Pulling them out once again, she spread them out before her and studied them. Yep, all of them were the same. Even the stories were similar. And the magazines themselves, well, they weren’t reputable. US Weekly was pretty reputable, but Star? OK? Not so much. Those rags were also knows for stirring up trouble and then getting sued for that trouble because the tale they’d woven had been all a fabrication. Most of the time from people who’d seen something out of context and woven a tale around it to make that celebrity look particularly bad. Take her incident with Wesley for example. Star had made some pretty lewd suggestions as to what she’d been doing, and had fabricated a tale in which William Giles’ date had found some fun on the side. Any idiot could have seen – sort of – where that was certainly not happening, but to sell magazines...

The one she was really stuck on though was US Weekly. A seemingly reputable magazine. Unless they’d gotten the pictures and the others copied them –hello, law suit—or had gotten wind of the story and the photographer had been paid a hefty sum to get them.

It was almost frightening the way the demise of a relationship seemed somehow planned or instigated by the media at just the outset of it. No wonder these celebrities never lasted long under such scrutiny. No wonder some sued left and right and ran from the paparazzi. They were driven by money and seemingly nothing else. You had to be made of tough stuff, and your relationship had to be made of even tougher stuff to last under the pressure of it all.

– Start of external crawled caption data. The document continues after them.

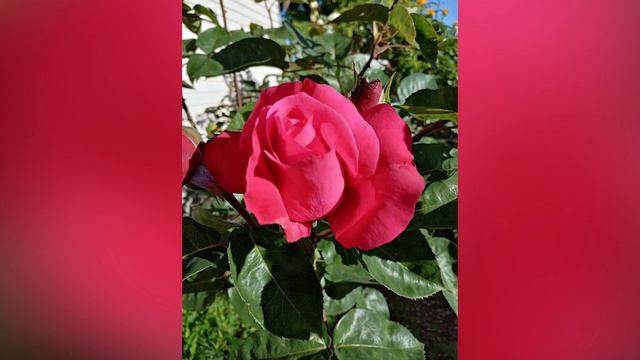 День медика. Детские рисунки смотреть онлайн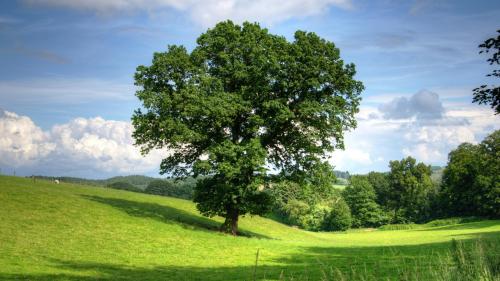 Træ i grønne omgivelser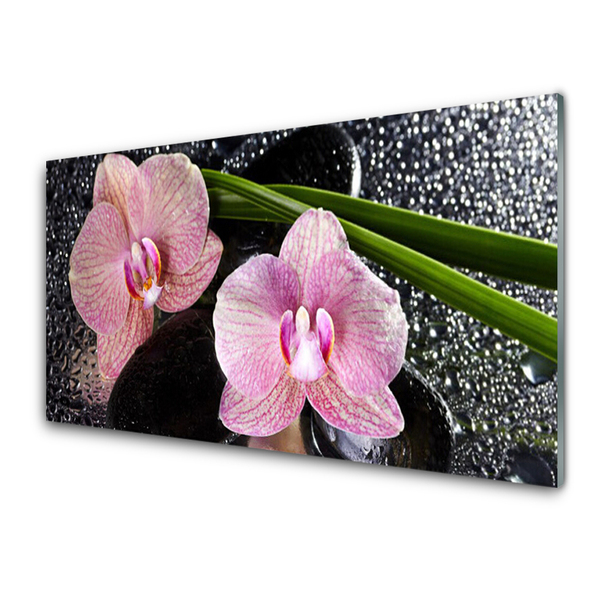 Glasbild aus Plexiglas® Stengel Blumen Pflanzen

With that in mind – Were those pictures true? Or was something definitely amiss? Just as she was about to pick up her phone, when someone came strolling in her office carrying at least two dozen red roses in front of them.

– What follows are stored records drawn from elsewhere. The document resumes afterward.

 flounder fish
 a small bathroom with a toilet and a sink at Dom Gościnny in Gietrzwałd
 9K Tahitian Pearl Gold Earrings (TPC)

Moving the flowers aside, Buffy stared at the person before her wide-eyed. “Riley?”

“Hi Buffy. Wanted to ask you something,” he said, and actually seemed nervous.

She sat back and eyed him suspiciously. “And you thought bringing me flowers would soften me?”

He smiled, his dull blue eyes twinkling, “I was hoping.”

She cocked her head and studied him, “What is it?”

“Would you accompany me to dinner?”

Sighing, Buffy gazed at the phone, and then up at him. “Riley—“

“Just as a send off Summers. Don’t want you to leave with bad blood between us.”

”Oh give me a freaking break –“

“I mean it. I really do have a lot of respect for you, Buffy. I think you’re one of the best. Besides, I’ll make it worth your while.”

She narrowed her eyes, “How?”

“I have connections in L.A. I can help you.”

She sighed. What could it hurt? “I just have to make one phone call.”

“No problem. I’ll wait out in the lobby for you,” he said and placed the flowers on her desk.

Picking up the phone, Buffy tried Spike. It went immediately to voice mail. If she had an eight ball for this situation she was sure it would say: Outlook does not look good.